No terms have captured the hype in manufacturing more than Industry 4.0 (or Industrie 4.0) and smart manufacturing. The supporting technology of the Industrial Internet of Things (IIoT) has promoted the concept of digital transformation, promising to shift manufacturing to the same degree that Uber has altered the for-hire ride business or Airbnb has altered the travel lodging industry.
Business leaders are piling on the Industry 4.0 wagon for fear that failure to employ new technology will render them uncompetitive (at best) or irrelevant (at worst). Market forecasts portend technology investment over the next five to 10 years that means every business will have some degree of new smart manufacturing capability. Even those organizations that invest only minimally will still see a significant change in their value chain, whether they are at the beginning, the middle, or the end of it.
Getting return on investment will prove to be a challenge to some, while others will see immediate benefits by adopting advances such as additive manufacturing (3D printing); having the ability to sell value-added services such as machine performance insight; or even selling capacity instead of products, much like GE sells engine thrust rather than jet engines.
All companies, however, will face a distinct challenge that remains as an issue in any process change initiative: sustaining improvements. For organizations embracing Industry 4.0, that challenge will prove especially vexing if they continue with their current maintenance practices. The reality is that the vast majority of manufacturers and asset-intensive industries still are both immature and unsophisticated in their maintenance practices.
There is a lot of confusion as to what maintenance practice maturity is; many confuse sophistication with maturity. The original capability maturity model (CMM) from Carnegie Mellon University views maturity as more of a cultural rating than a technological approach. Too many maintenance practitioners equate things like reliability-centered maintenance (RCM) or predictive maintenance (PdM) with maturity. A mature maintenance culture certainly employs these tools, but it does so only as appropriate for critical assets, and it employs them across the enterprise in a systematic way. Understanding this is the first step to adequately support the next generation of smart connected assets that are beginning to populate the plant floor.

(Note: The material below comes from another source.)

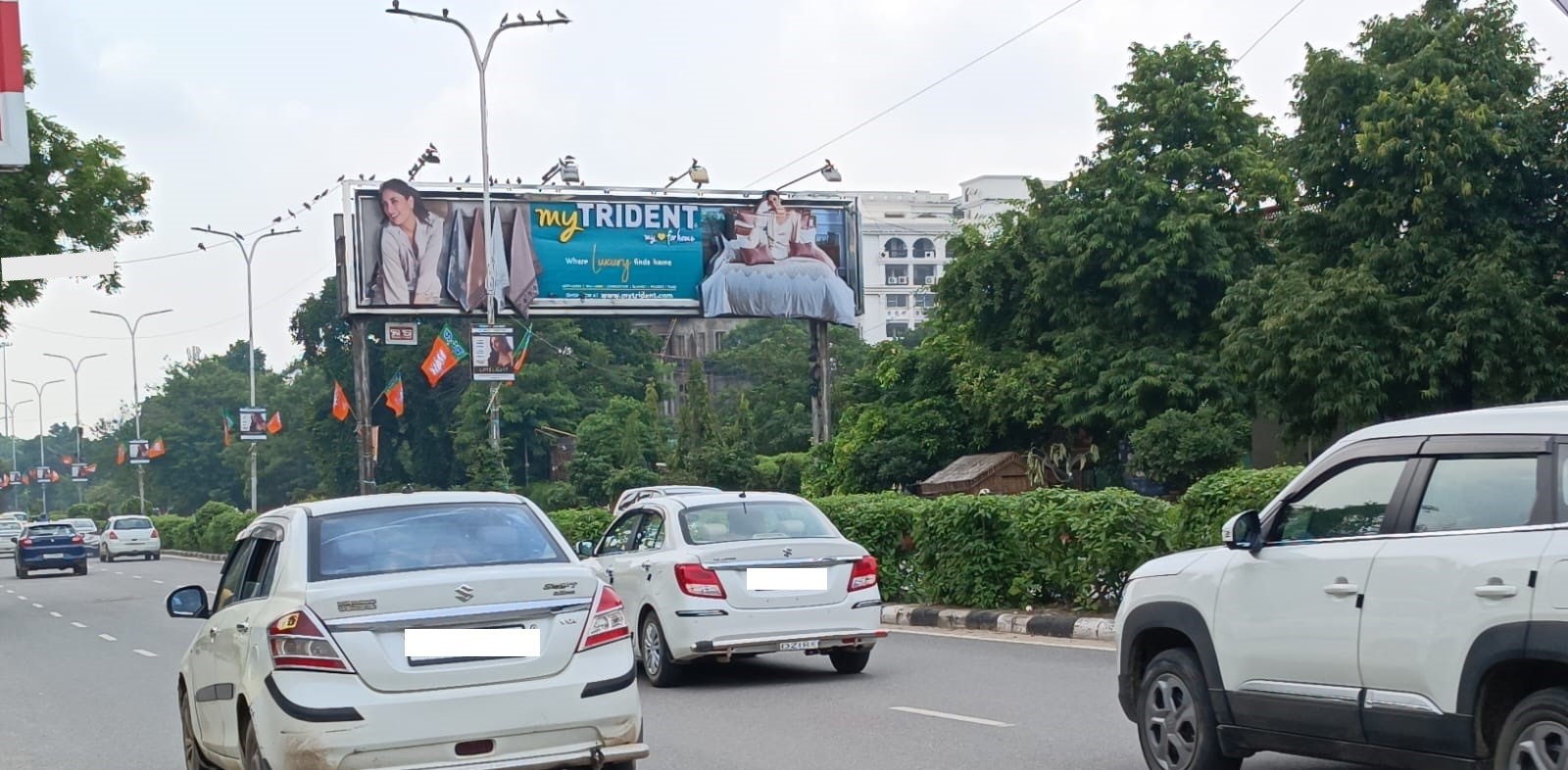 myTrident Unveils Major Festive OOH Campaign in Major Indian Cities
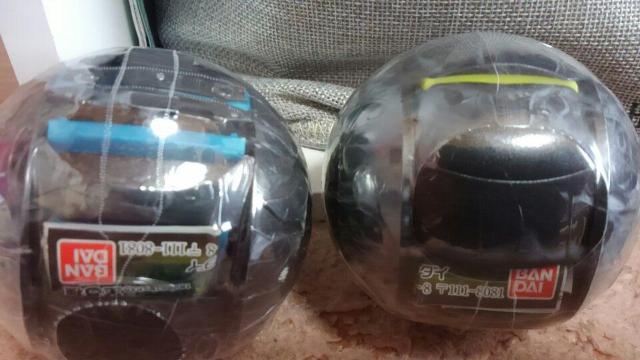 バンダイ製品 スズキ ジムニー 2種類set ビックサイズガチャ 未開封 新品 < ホビー  バンダイ製品 スズキ ジムニー 2種類set ビックサイズガチャ 未開封 新品 < ホビーの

To gain the most from these smart assets, businesses will need to do more than just catch up to best practices today. They will need to make as big a leap in their maintenance approach as they are in their manufacturing capabilities. Understanding the makeup of an asset performance management (APM) 4.0 solution is critical. LNS Research categorizes providers of APM 4.0 capabilities as either platform providers or ecosystem partners.
APM 4.0 platform providers are coming from the automation community as well as the enterprise software supplier community; these are companies that provide both a significant footprint of functionality from the APM landscape and the infrastructure that enables:
- Rapid IIoT integration
- The ability to leverage big data and analytics for prescriptive maintenance (RxM)
- Support for AR/VR technology to fully enable the digital twin
- Support for mashup solutions
- Embedded best practices and enforcement of these
APM 4.0 ecosystem partners fall into one of two subgroups. The first constitutes the traditional maintenance and reliability-centered/condition-based maintenance (RCM/CBM) tools, other predictive analytics elements, and financial modeling tools.
The second consists of those companies that provide critical infrastructure elements or the beginnings of a platform but that currently fall short to such a degree that substantial other capabilities must be grafted onto the solution to meet APM 4.0 functionality requirements.
The digital twin is the ultimate mashup of capabilities that sets APM 4.0 apart from today’s best-in-class APM solutions. In the context of APM 4.0, the digital twin is more than just the static virtual/digital engineering representation of an asset or plant. It is the ability to have a dynamic model that is constantly in sync with the real physical asset and is capable of parallel what-if scenario analysis to evaluate the impact of potential operational and maintenance cases, all with the goal of providing prescriptive advice that notes the financial implications of the options produced. This starts with a rich engineering model of the asset, but it also requires enough information from the asset to fully model its behavior while it is in use.
APM 4.0 is not as much a specific product functional set as it is an evolving aspirational objective that companies should work toward if they want to be able to sustain the benefits they hope to gain from embracing Industry 4.0. No vendor today can deliver a full APM 4.0 solution any more than a single vendor today can deliver a fully capable smart manufacturing plant. APM 4.0, like Industry 4.0, is something businesses need to strive for if they are to thrive in today’s uncertain but dynamic economic environment.